| Your goal |
Within the listing below, please copy exactly the lines between the line holding "Load image into" and the line holding "Influencer Плетена рокля", inclusive.

| Excerpted records |
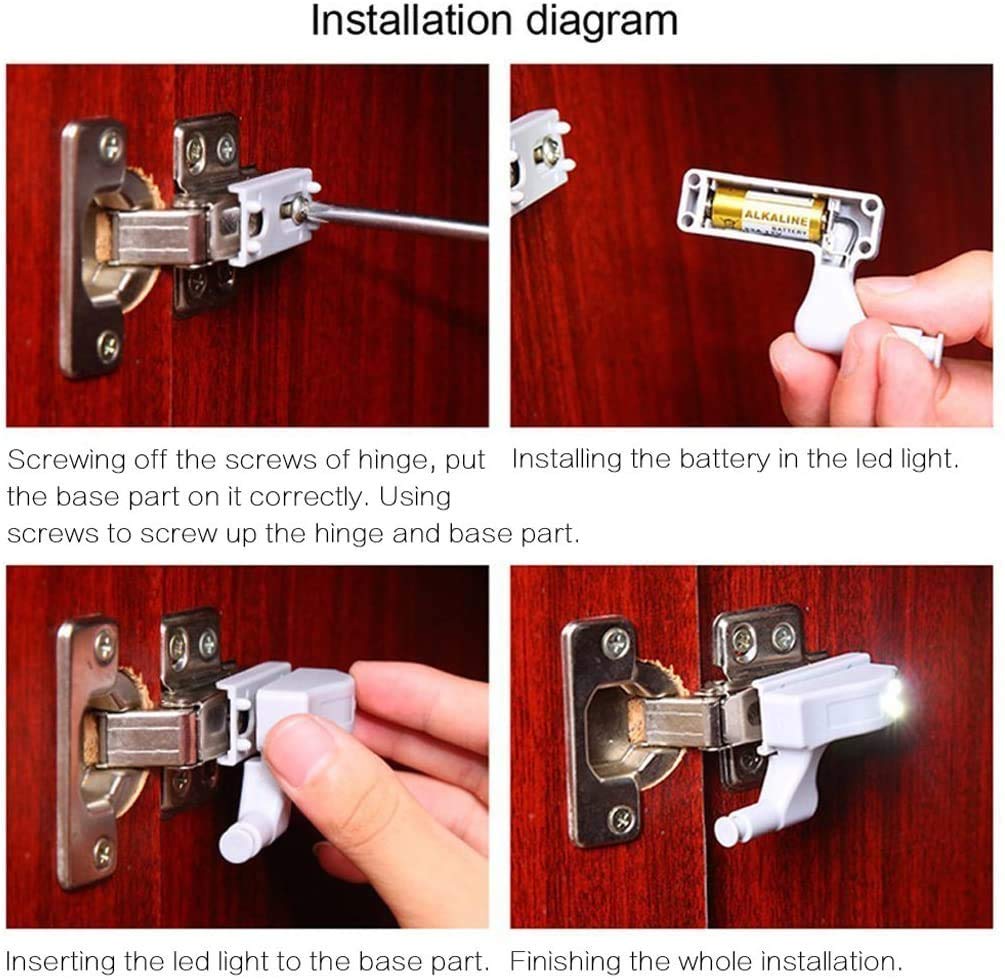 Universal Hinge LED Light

--

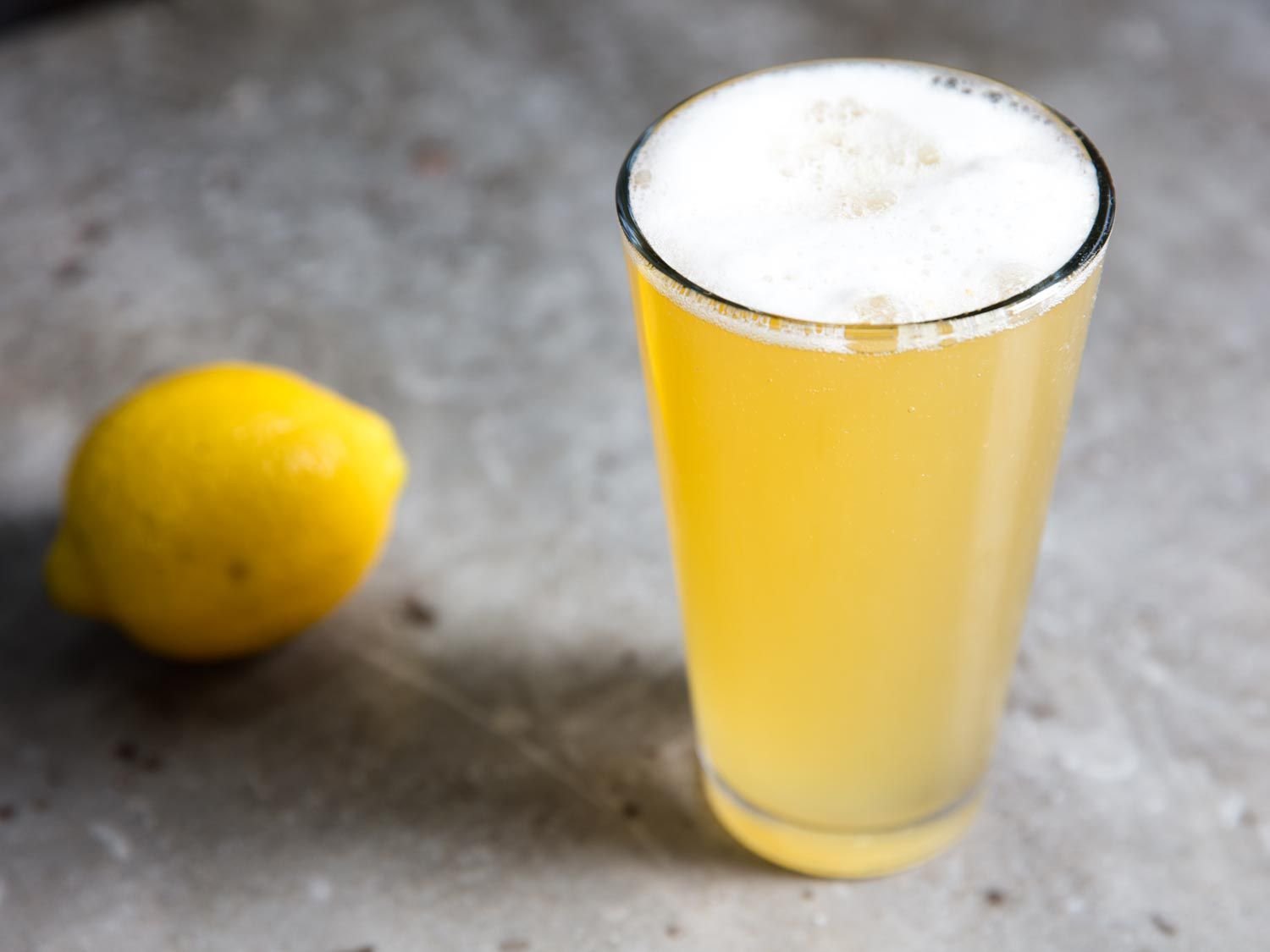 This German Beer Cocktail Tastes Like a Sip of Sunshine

...

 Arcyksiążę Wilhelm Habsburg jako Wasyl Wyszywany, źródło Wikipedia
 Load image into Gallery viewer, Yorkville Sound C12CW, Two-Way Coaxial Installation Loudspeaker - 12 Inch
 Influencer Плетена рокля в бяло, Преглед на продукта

| Written solution |
 Load image into Gallery viewer, Yorkville Sound C12CW, Two-Way Coaxial Installation Loudspeaker - 12 Inch
 Influencer Плетена рокля в бяло, Преглед на продукта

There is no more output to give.